** Directions **
Reproduce each line of the material exactly, minus any picture.

** Dataset excerpt **
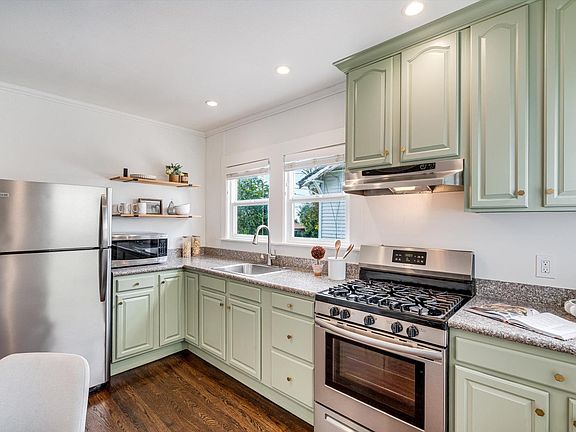 Oakland, California, 94619, United States, 2 Bedrooms Bedrooms, ,1 BathroomBathrooms,Residential,Forsale,2004749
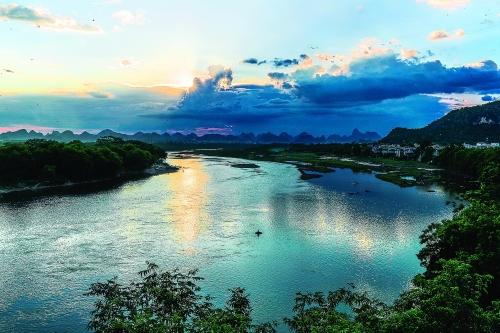 描写桂林漓江的风景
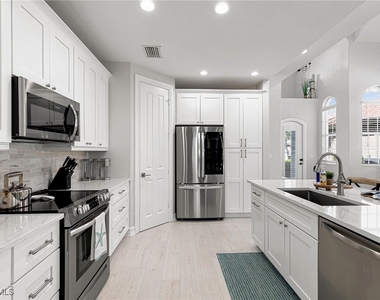 6096 Dogleg Drive - Photo Thumbnail 18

** Task result **
 Oakland, California, 94619, United States, 2 Bedrooms Bedrooms, ,1 BathroomBathrooms,Residential,Forsale,2004749
 描写桂林漓江的风景
 6096 Dogleg Drive - Photo Thumbnail 18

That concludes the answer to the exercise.